# Exercise goal
Each line below from the "istock Street number" line through the "Гостиница RedDoorz Syariah" line, those two included, must be restated word for word; the pictures must not be.

# Exercise data
---+---

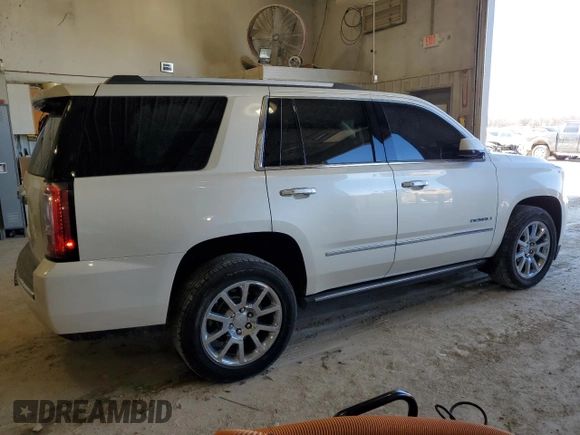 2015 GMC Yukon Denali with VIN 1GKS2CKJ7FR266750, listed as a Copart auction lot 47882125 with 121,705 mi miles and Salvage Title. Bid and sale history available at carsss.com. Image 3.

---+---

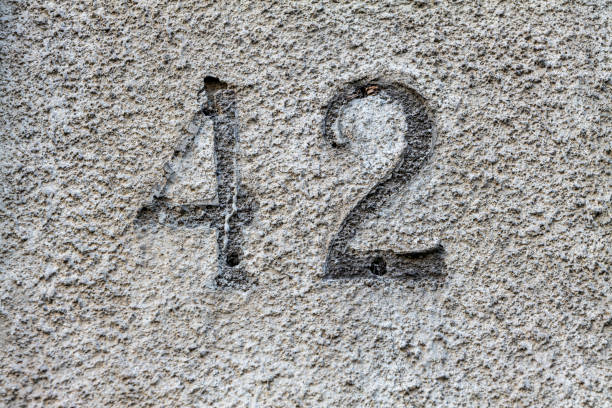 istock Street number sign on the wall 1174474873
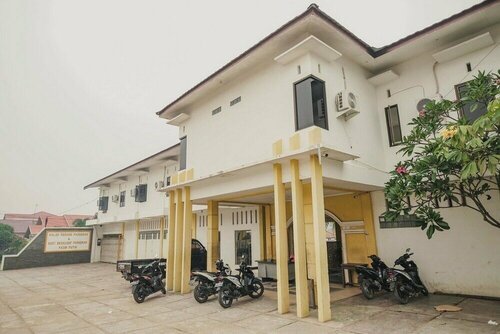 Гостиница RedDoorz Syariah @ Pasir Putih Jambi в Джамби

---+---

# Your solution
 istock Street number sign on the wall 1174474873
 Гостиница RedDoorz Syariah @ Pasir Putih Jambi в Джамби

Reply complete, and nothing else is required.